Copy task, pictures excluded: set down exactly the lines from the one containing "New 2025 Toyota RAV4 Hybrid LE SUV" to the end of the data below.

**Data segment**
- - - - -

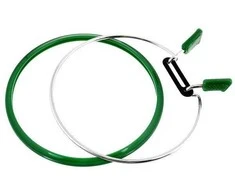 Spyruoklinis įtempimo siuvinėjimo lankelis NURGE 19.5 CM 160-1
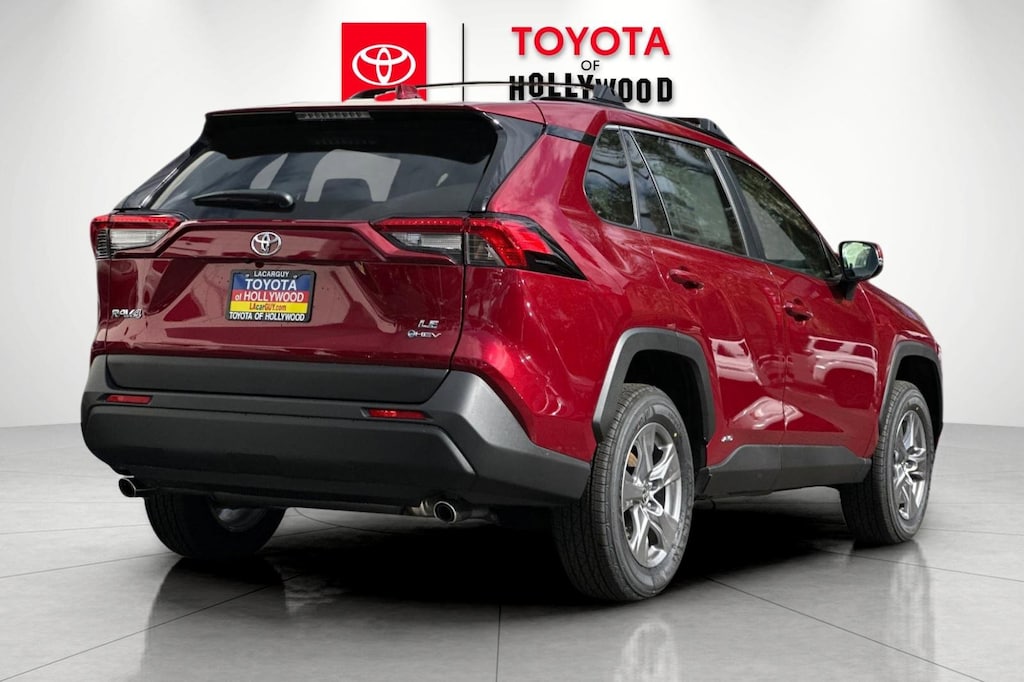 New 2025 Toyota RAV4 Hybrid LE SUV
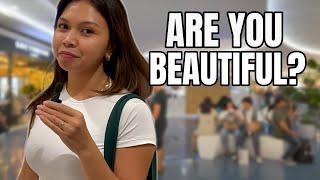 Do you think you’re beautiful? | Street Interview in Cebu, Philippines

- - - - -

**Task output**
 New 2025 Toyota RAV4 Hybrid LE SUV
 Do you think you’re beautiful? | Street Interview in Cebu, Philippines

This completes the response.